Let's say you have an entity, say, "Person" in your system and you want to process events that modify various Person entities. It is important that:

  • Events for the same Person are processed in FIFO order
  • Multiple Person event streams be processed in parallel by different threads/processes

We have an implementation that solves this using a shared database and locks. Threads compete to acquire the lock for a Person and then process events in order after acquiring the lock. We'd like to move to a message queue to avoid polling and locking, which we feel would reduce load on the DB and simplify the implementation of the consumer code.

I've done some research into ActiveMQ, RabbitMQ, and HornetQ but I don't see an obvious way to implement this.

ActiveMQ supports consumer subscription wildcards, but I don't see a way to limit the concurrency on each queue to 1. If I could do that, then the solution would be straightforward:

  • Somehow tell broker to allow a concurrency of 1 for all queues starting with: /queue/person.
  • Publisher writes event to queue using Person ID in the queue name. e.g.: /queue/person.20
  • Consumers subscribe to the queue using wildcards: /queue/person.>
  • Each consumer would receive messages for different person queues. If all person queues were in use, some consumers may sit idle, which is ok
  • After processing a message, the consumer sends an ACK, which tells the broker it's done with the message, and allows another message for that Person queue to be sent to another consumer (possibly the same one)

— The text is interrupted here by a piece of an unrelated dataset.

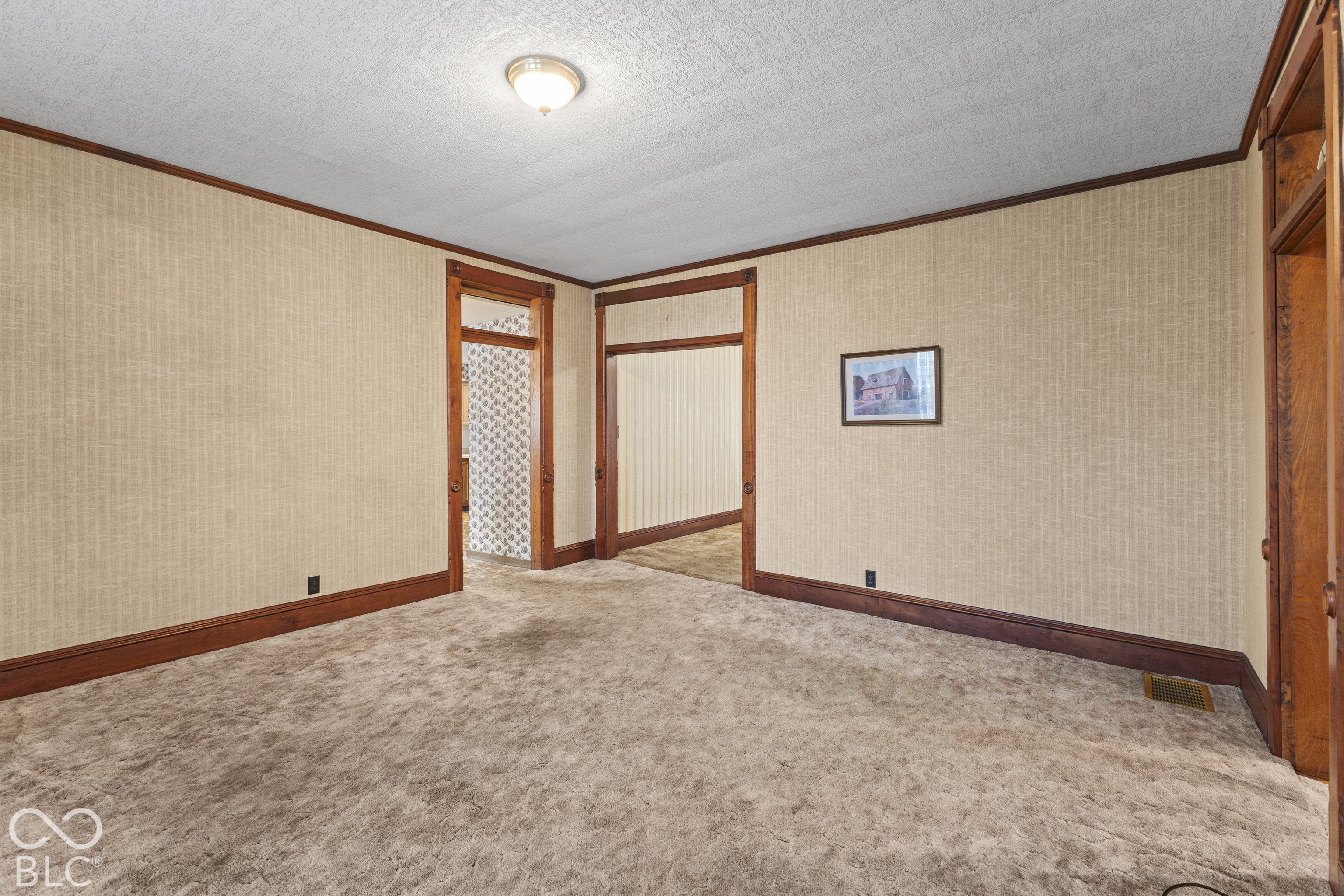 219 Washington Street, Hope, IN, 47246 photo 5 of 28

ActiveMQ came close: You can do wildcard subscriptions and enable "exclusive consumer", but that combination results in a single consumer receiving all messages sent to all matching queues, reducing your concurrency to 1 across all Persons. I feel like I'm missing something obvious.

Questions:

  • Is there way to implement the above approach with any major message queue implementation? We are fairly open to options. The only requirement is that it run on Linux.
  • Is there a different way to solve the general problem that I'm not considering?

Thanks!

回答1:

It looks like JMSXGroupID is what I'm looking for. From the ActiveMQ docs:

http://activemq.apache.org/message-groups.html

Their example use case with stock prices is exactly what I'm after. My only concern is what happens if the single consumer dies. Hopefully the broker will detect that and pick another consumer to associate with that group id.



回答2:

One general way to solve this problem (if I got your problem right) is to introduce some unique property for Person (say, database-level id of Person) and use hash of that property as index of FIFO queue to put that Person in.
Since hash of that property can be unwieldy big (you can't afford 2^32 queues/threads), use only N the least significant bits of that hash. Each FIFO queue should have dedicated worker that will work upon it -- voila, your requirements are satisfied!

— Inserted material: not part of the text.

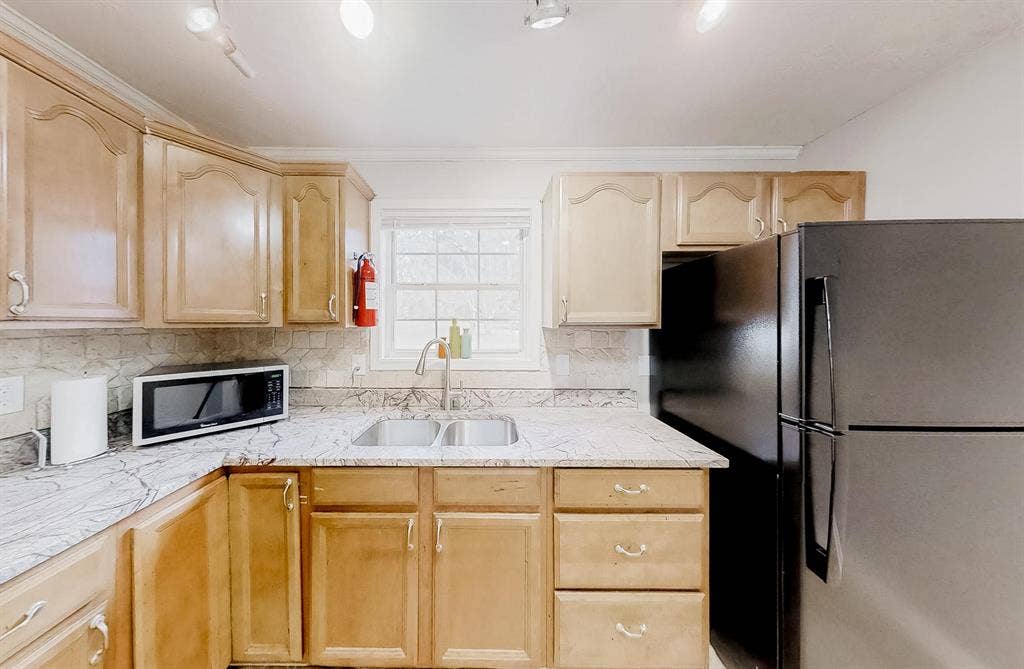 9 BR in Stone Mountain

This approach have one drawback -- your Persons must have well-distributed ids to make all queues work with more-or-less equal load. If you can't guarantee that, consider using round-robin set of queues and track which Persons are being processed now to ensure sequential processing for same person.



回答3:

If you already have a system that allows shared locks, why not have a lock for every queue, which consumers must acquire before they read from the queue?